— Problem to work on —
Your output should consist solely of the lines from the one holding "Patti And Buttons" to the end of the records below, inclusive, reproduced exactly and free of pictures.

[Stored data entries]
================================

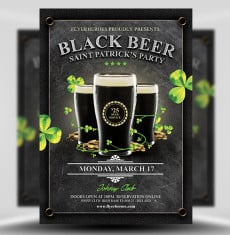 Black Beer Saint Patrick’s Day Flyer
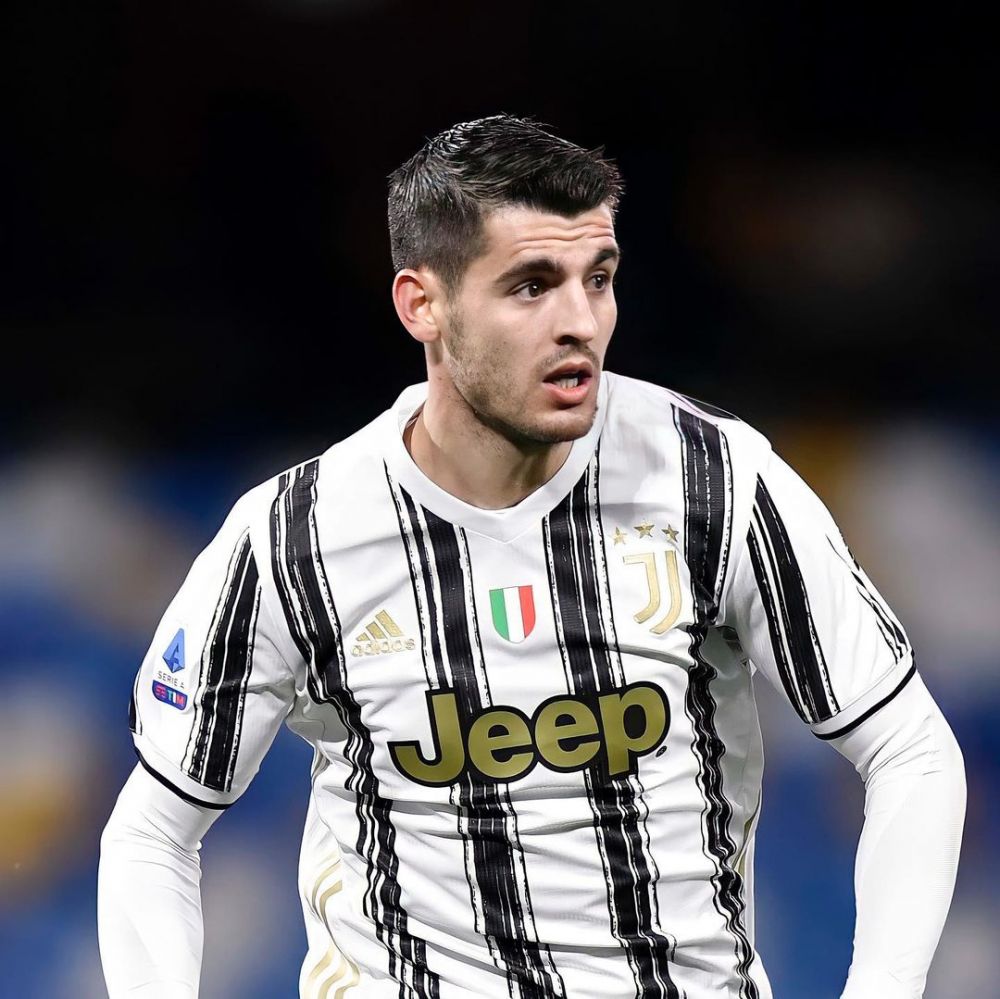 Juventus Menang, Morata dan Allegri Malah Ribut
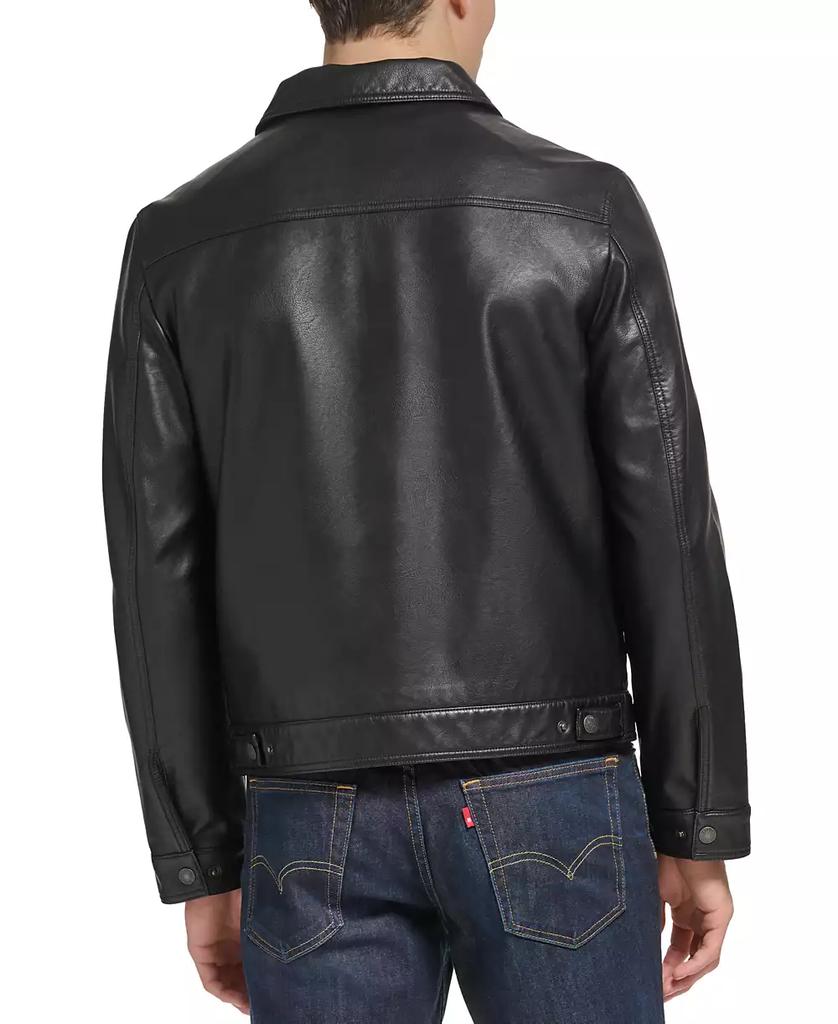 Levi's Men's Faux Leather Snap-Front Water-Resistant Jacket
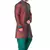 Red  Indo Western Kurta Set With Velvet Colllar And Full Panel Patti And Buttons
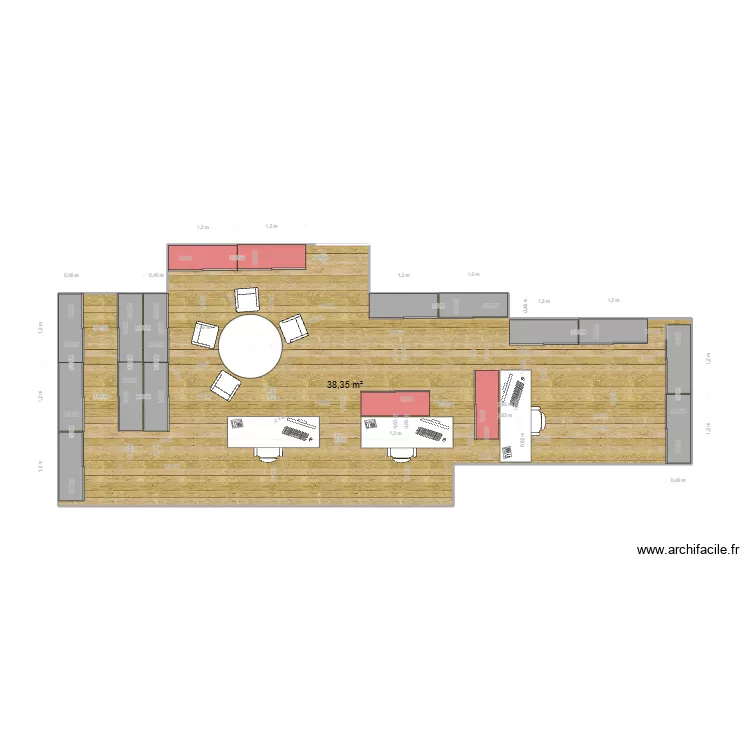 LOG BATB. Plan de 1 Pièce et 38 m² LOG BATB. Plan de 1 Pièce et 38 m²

================================

— Response —
 Red  Indo Western Kurta Set With Velvet Colllar And Full Panel Patti And Buttons
 LOG BATB. Plan de 1 Pièce et 38 m² LOG BATB. Plan de 1 Pièce et 38 m²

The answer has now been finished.